Wyspy Zielonego Przylądka - Islandia
Wyspy Zielonego Przylądka under 26.5 bramek @ 1.96
Wyspy Zielonego Przylądka under 24.5 bramek @ 3.30
Fortuna
Tak jak ostatnio proponowałem over Wysp w meczu z Brazylią, tak dzisiaj mam przeczucie, że
Islandia na za dużo sobie nie pozwoli. Islandczycy mieli trudną grupę, bo mierzyli się z Portugalią, Węgrami i Koreą Południową, ostatecznie zabrali ze sobą 2 pkt za zwycięstwo z Portugalią, chociaż na pewno pozostał niedosyt po meczu z Węgrami, którzy odrobili 6 bramkową stratę i wygrali. Trzeba jednak walczyć dalej, przed nimi 2 dośc łatwe i 1 trudne spotkanie, zaczynają od tego łatwego z Wyspami, gdzie moim zdaniem wygrają, a Wyspy nie poszaleją w ofensywie.

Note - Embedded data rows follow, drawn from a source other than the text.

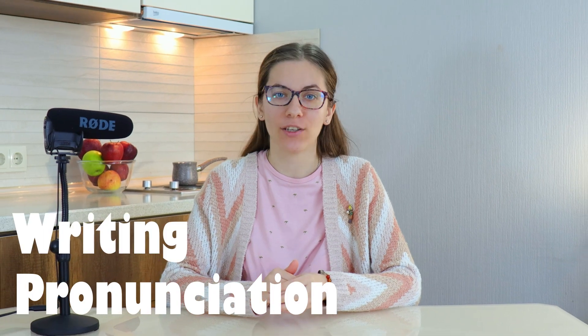Chinese and Russian are considered to be the most difficult languages in the world. I've studied Chinese for three years and Russian is my native language. In this video, I'm going to compare the difficulty of these languages in every aspect, like pronunciation, writing and grammar. In the end, we're going to find out which language is more difficult, so grab your cup of tea or coffee and let's start!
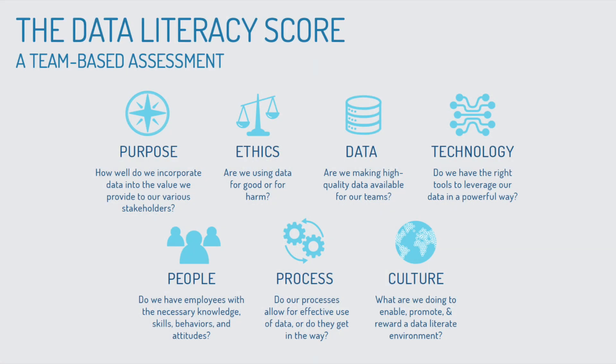Let me tell you real quick how it works. There are seven different factors that we take into account when we assess your team's level of data literacy. They are: purpose — how does data relate to your organization's overall mission, goals, and objectives; ethics — are you using data for harm or for good; the data itself — are we making high-quality data available to our teams; and fourth, technology — do we have the right tools in place to leverage data in a powerful way.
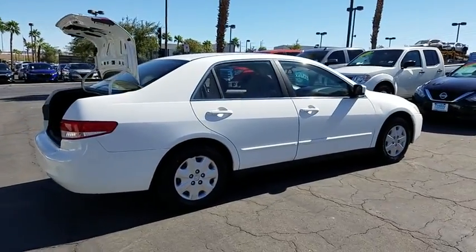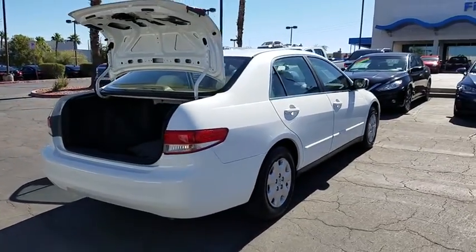This vehicle has less than 105,000 miles. Here are some of this vehicle's great options.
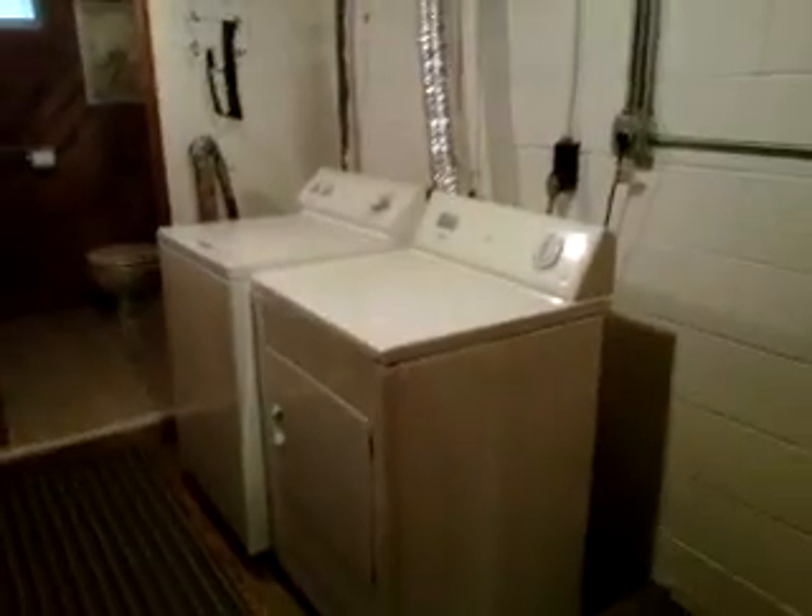Washer and dryer. Here's your furnace and there's your water heater — that's also newer. And here's your full bath with a toilet, sink, and a shower.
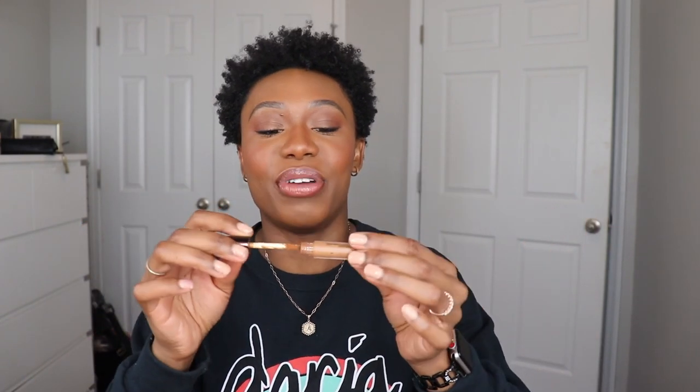I'm going to throw this away as soon as I'm done filming because there is literally nothing left. I have been scraping this — the Hourglass Airbrush Vanished Concealer. As soon as I'm done with another concealer, I am going to be purchasing another one of these because it's fantastic.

Islandia zatrzymywała już Portugalczyków na 26 bramkach, a jaką ofensywną piłkę potrafi zagrać te zespół wie każdy, z Węgrami złapali paraliż i stracili 30 bramek, ale znowu ofensywnej Korei dali sobie rzucić tylko 25 bramek. WZP rzucało 33 bramek Urugwajowi, 27 bramek Szwecji i 28 bramek Brazylii, stąd na nich takie wysokie linie bramkowe, jednak ze szczelną defensywą grali tylko raz przeciwko Szwecji, trafili 27 bramek to prawda, ale
Szwecja w pierwszej połowie dała sobie rzucić tylko 8 bramek, trafiając przy tym 19, kompletnie odpuszczając sobie drugą połowę, gdzie dali sobie rzucić aż 19 bramek,
Islandia moim zdaniem nie popełni podobnego błędu i mecz będzie należał do tych underowych.